España como astracanada

Los preceptistas literarios de la antigüedad –Aristóteles, Horacio, Boileau, El Brocense- consideraban que el arte llevaba a cabo una imitación de la realidad mediante el uso de su lenguaje propio: la famosa mímesis. Tuvieron que pasar más o menos dos mil años para que un ingenioso escritor irlandés, Oscar Wilde, le diera la vuelta al calcetín de la preceptiva y afirmase todo lo contrario: es la vida la que imita al arte. Por eso Wilde se convirtió en un esteta, y trató de depositar su genio en los hechos cotidianos.

Lo cierto es que ninguna declaración de un escritor, ninguna teoría de un crítico resuelven el misterio del arte. En el caso de la literatura, a veces parece imitar la realidad, y a menudo es la realidad la que parece imitar la literatura.

Ahora bien, como sabemos, no toda creación literaria es alta literatura. Existen los bodrios, las fantochadas, los mejunjes, los revoltijos. España es un país con propensión a la hipérbole, y la hipérbole es una actitud sentimental que suele conducir al ridículo, al énfasis, al patetismo, por lo que España es un país proclive al patetismo, al énfasis y al ridículo. (No somos los únicos, por supuesto. En todas partes cuecen habas estrambóticas, pero a veces se diría que aquí sólo cocemos habas de ese estilo.)

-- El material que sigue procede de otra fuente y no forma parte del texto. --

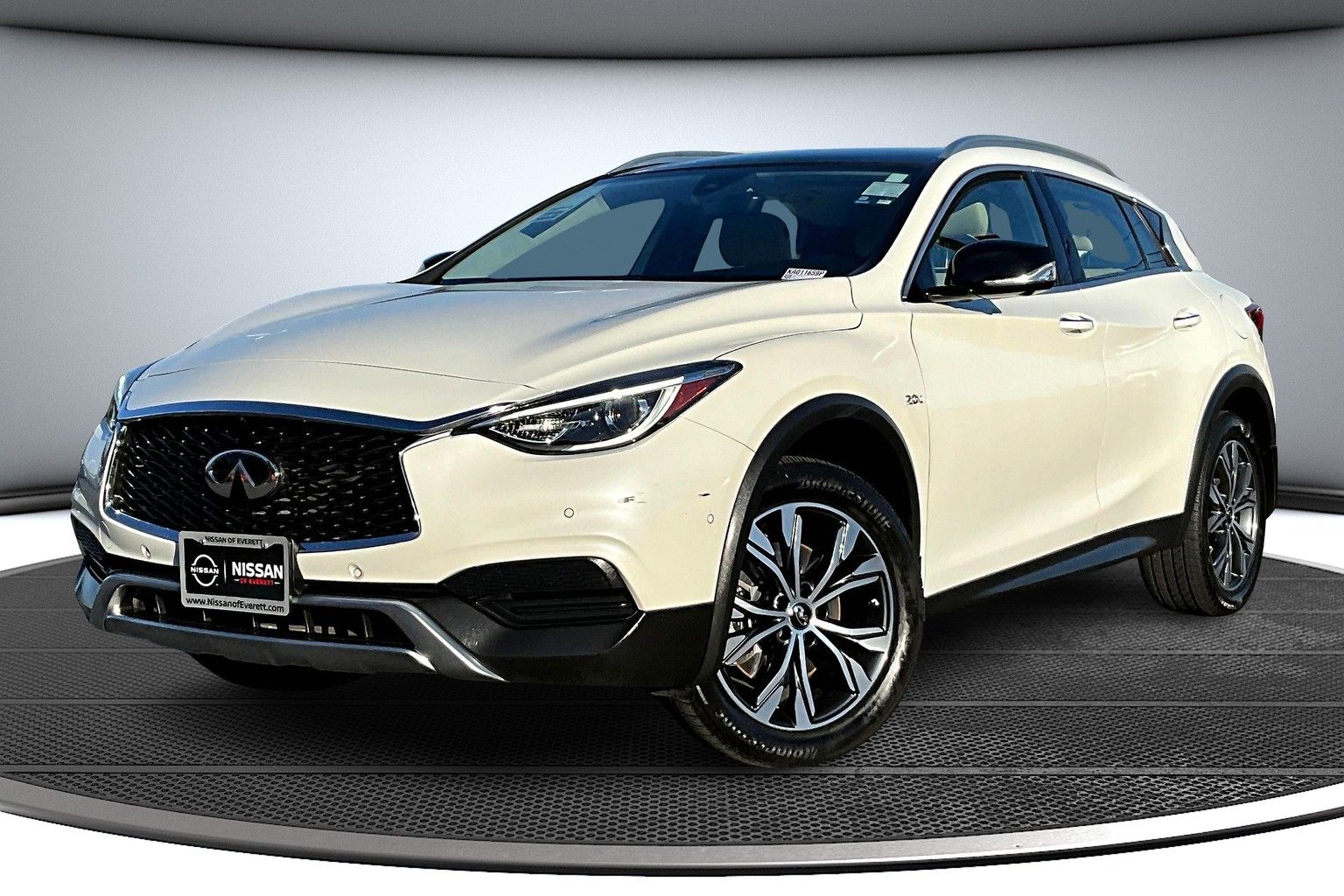 2019 Infiniti QX30 Luxe photo 3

El asunto del espionaje a los independentistas catalanes, y de rebote al presidente Sánchez y a la ministra Robles tiene muchos ingredientes de comedia bufa de enredo. Se descubre lo que ya sabemos y damos por supuesto: que los gobiernos espían a quienes representan un peligro para la estabilidad del país. Los espiados, que habían estado actuando como espías durante mucho tiempo (ocultando urnas, papeletas y propaganda por toda Cataluña) reaccionan ofendidos. A continuación, con el propósito de intentar apaciguar a los independentistas espiados, se les facilita el acceso a la Comisión de Secretos Oficiales (para que así, cuando actúen en secreto contra los intereses del país, lo puedan hacer con conocimiento de causa). Todo dentro de la lógica: de la lógica del vodevil.

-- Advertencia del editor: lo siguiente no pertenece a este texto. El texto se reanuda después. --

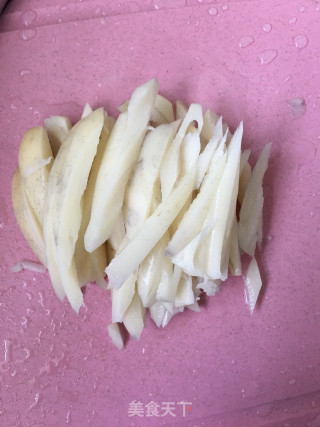 Stir-fried Lotus Root Silk recipe
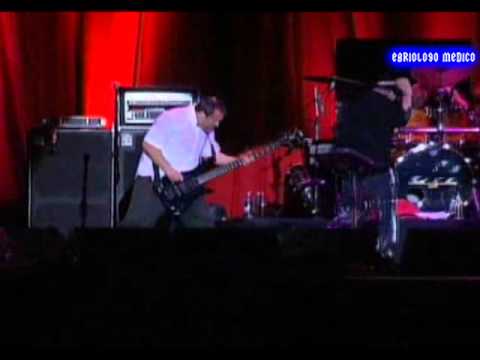Faith No More - 14 - King for a Day. Chile 2009. The best crowd of the world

Cuando Valle- Inclán inventó el esperpento, con su estética de espejo cóncavo deformante, algunos pensaban que se había creado un instrumento de análisis permanente de la realidad española. Pero el esperpento, a pesar de su pátina grotesca, aspira a la alta literatura. Más a menudo de lo que querríamos, el instrumento de análisis de la realidad española es el astracán, ese esperpento menor que practicaba, entre otros, Pedro Muñoz Seca, y que no sólo deforma la realidad, sino que deforma el sistema teatral y literario con que dicha realidad se analiza.

Y así nos va: de ripio en ripio, de astracanada en astracanada.